** Opening Data records block **

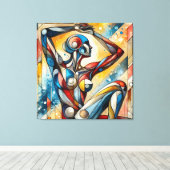 比喩的表現主義 キャンバスプリント (インサイチュ (ウッドフロア))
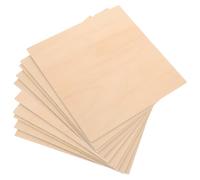 CLISPEED Lot de 10 feuilles de bois de tilleul 100 x 100 x 3 mm pour dessin, gravure, modélisme et projets faits à la main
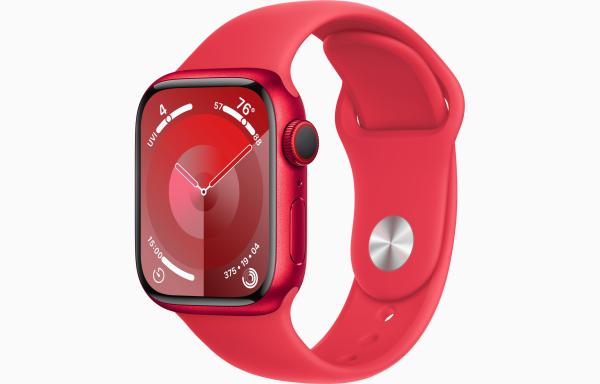 Apple Watch S9 Cell/ 41mm/ PRODUCT RED/ Sport Band/ PRODUCT RED/ -S/ M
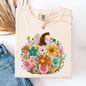 Pumpkin Floral, Halloween, Fall, Autumn, Comfort Colors T-Shirt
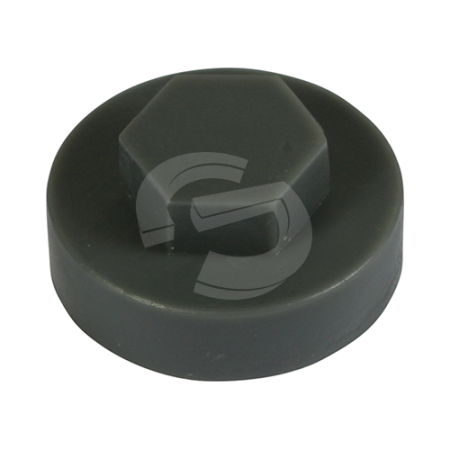 Hex Head Coloured Cover Caps - Slate Grey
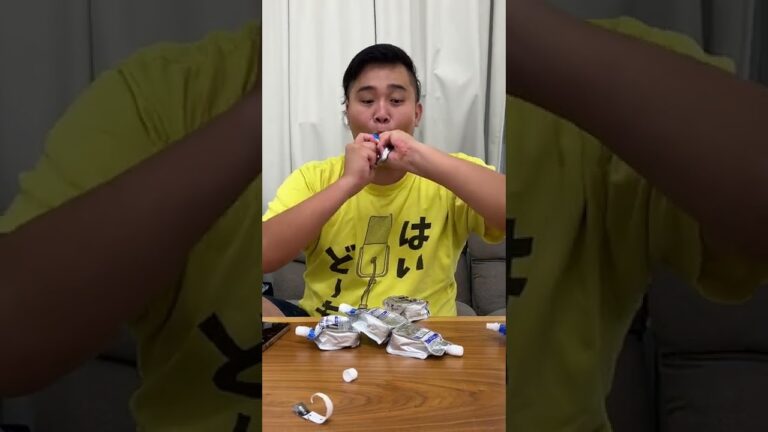 一瞬でinゼリーを飲む男現るwww　#shorts #フィッシャーズ #早食い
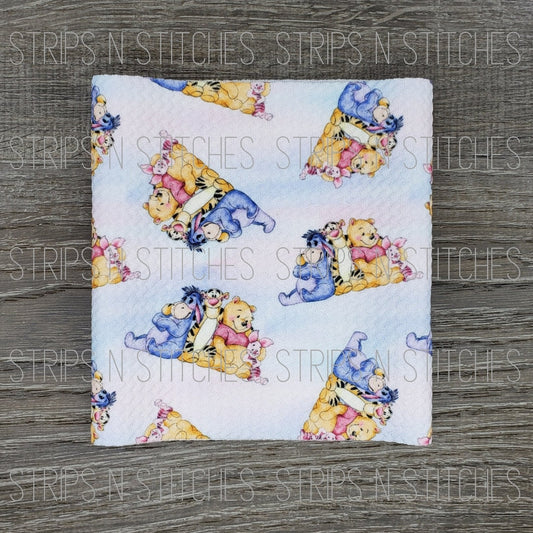 Rainbow Sweet Bear & Friends | Fabric Strip | Bow Making | Scrunchie |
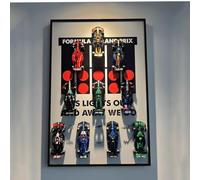 Cornice da parete compatibile con auto Lego 77242 77243-77251 F1, per raccogliere e proteggere, 60 x 80 cm (modello non incluso)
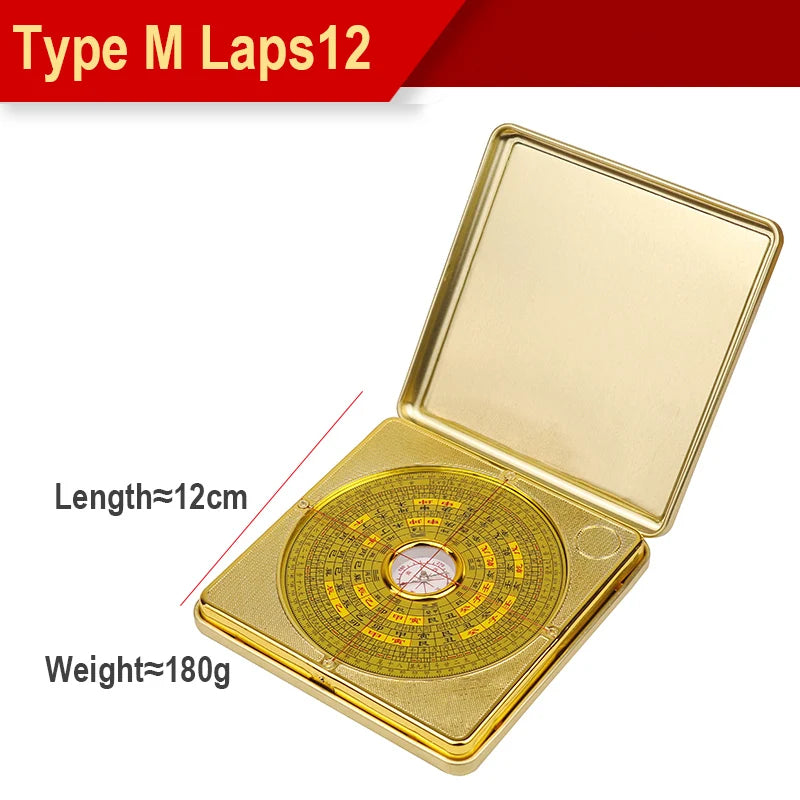 Metal Feng shui Luopan Compass Blessed Lucky Mascot Square LuoJingYi High Precision Professional Master Supplies Home Decoration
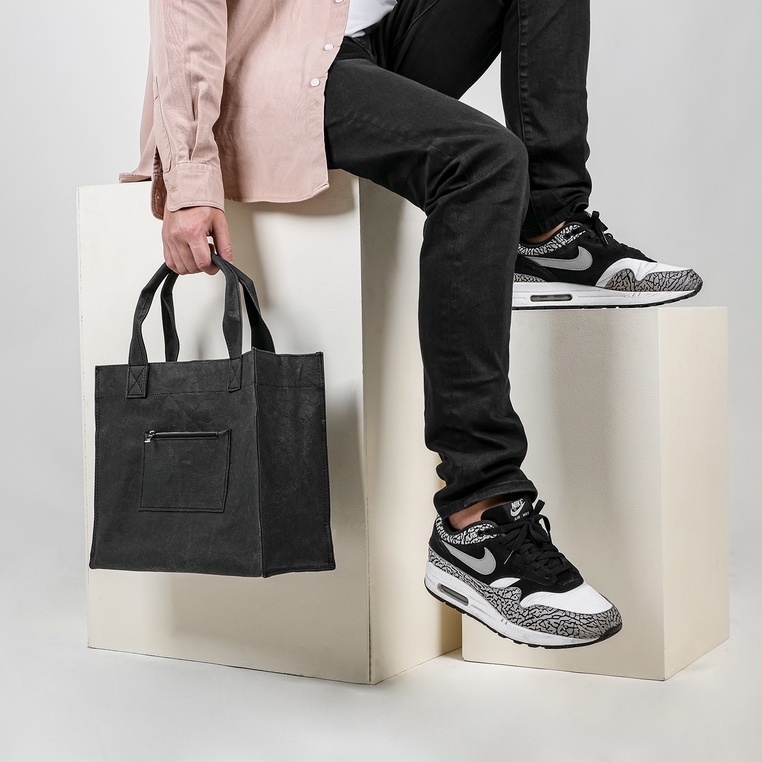 MOOF49 KRAFT 14" กระเป๋าผ้าคราฟท์ซักได้ ขนาด 14 นิ้ว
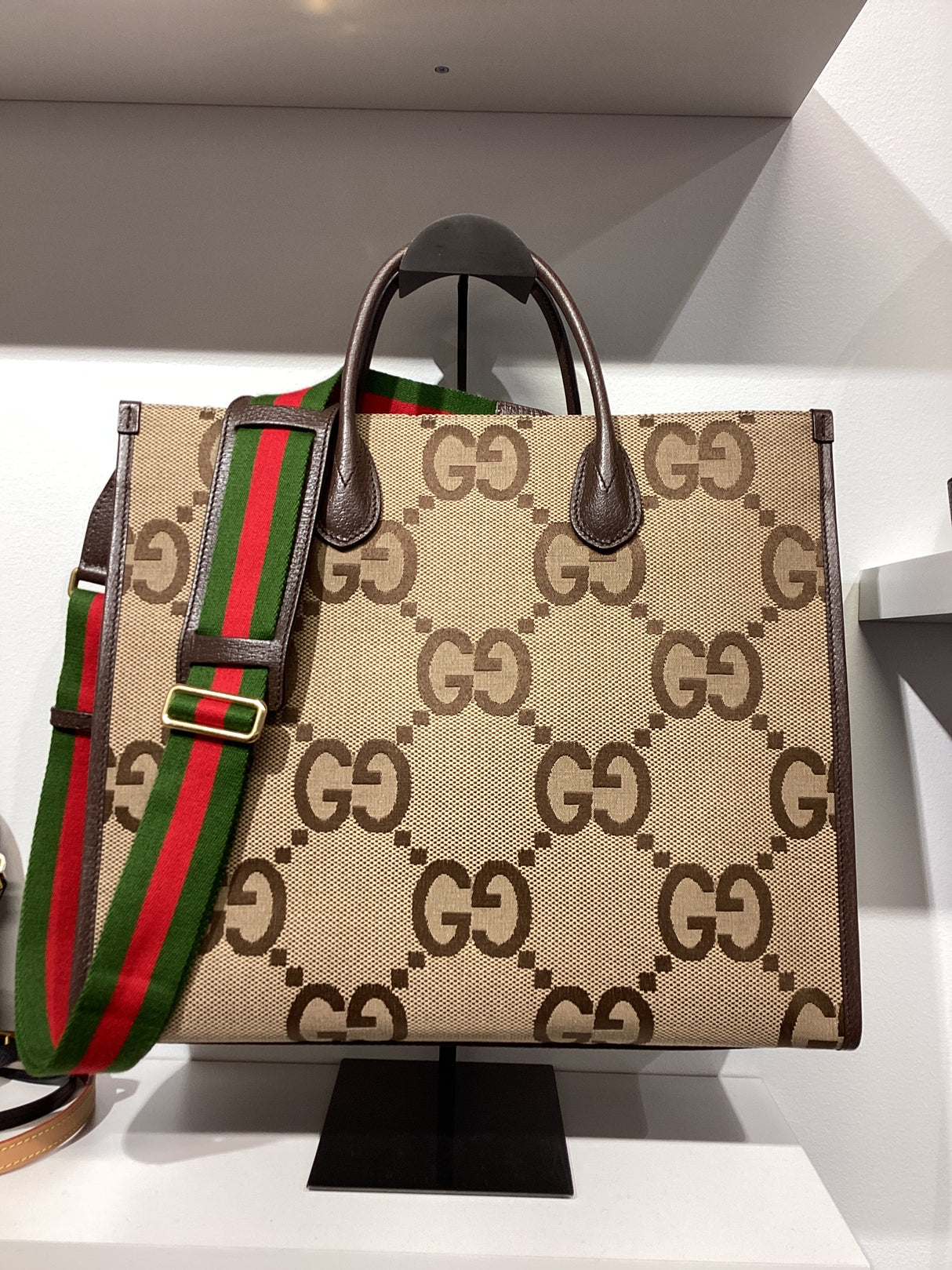 8860882 Gucci Jumbo GG 2 way Tote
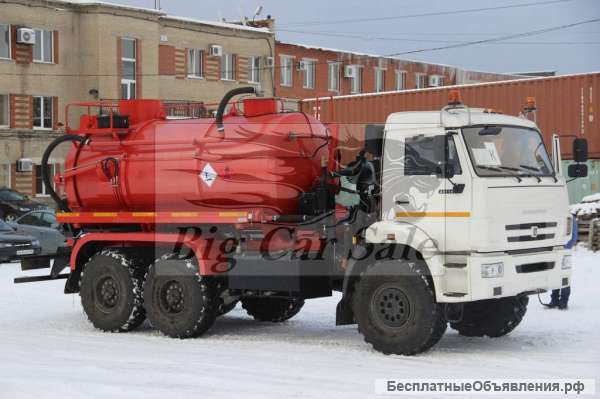 Автоцистерна нефтепромысловая АКНС-10 на шасси КАМАЗ 43118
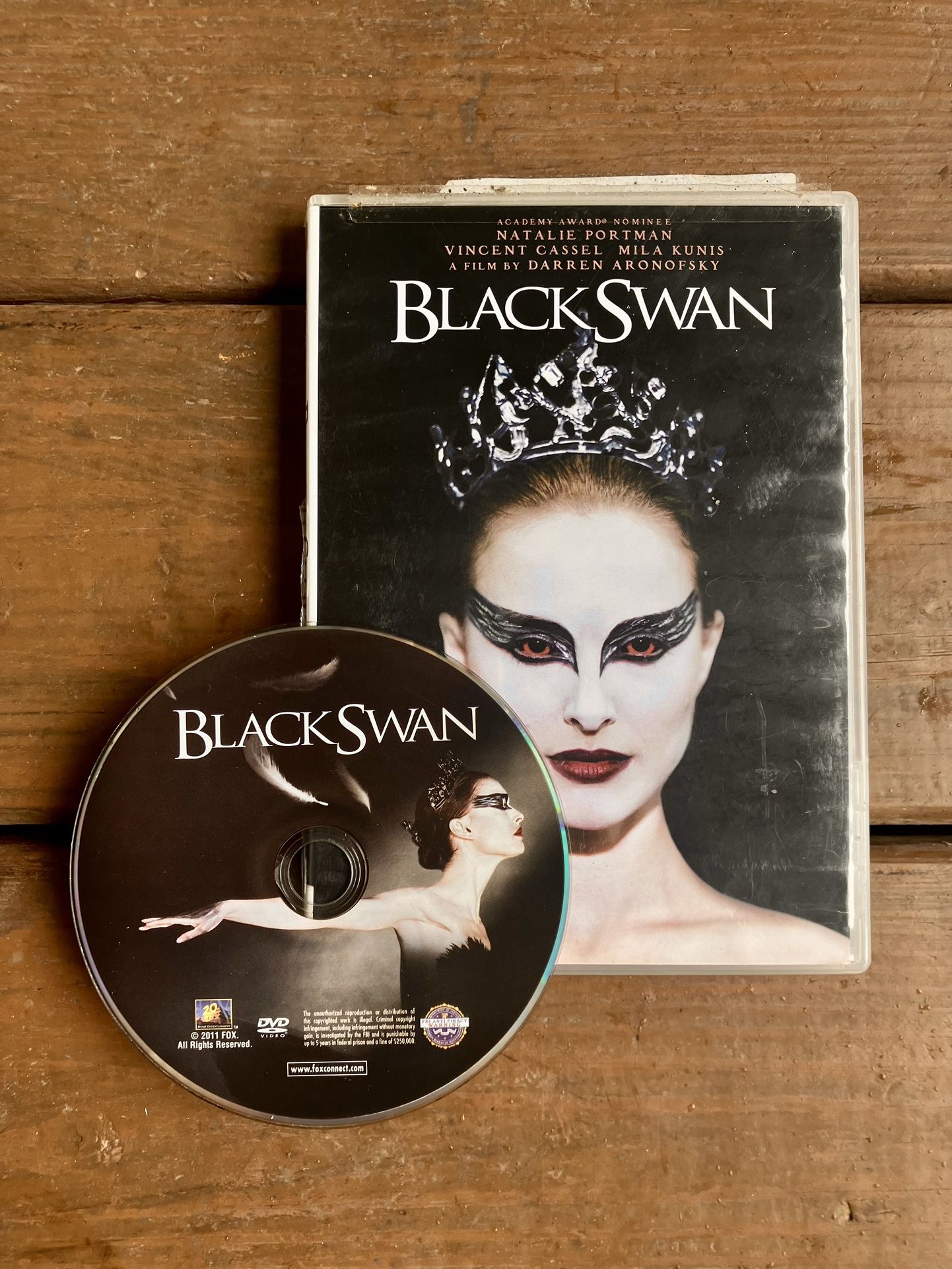 Black Swan DVD Natalie Portman Mila Kunis - Excellent Condition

** Closing Data records block **

What you write should match, word for word, the lines from the one containing "Metal Feng shui" to the end of the listing, with both ends kept and the pictures left out.

Response to the exercise
 Metal Feng shui Luopan Compass Blessed Lucky Mascot Square LuoJingYi High Precision Professional Master Supplies Home Decoration
 MOOF49 KRAFT 14" กระเป๋าผ้าคราฟท์ซักได้ ขนาด 14 นิ้ว
 8860882 Gucci Jumbo GG 2 way Tote
 Автоцистерна нефтепромысловая АКНС-10 на шасси КАМАЗ 43118
 Black Swan DVD Natalie Portman Mila Kunis - Excellent Condition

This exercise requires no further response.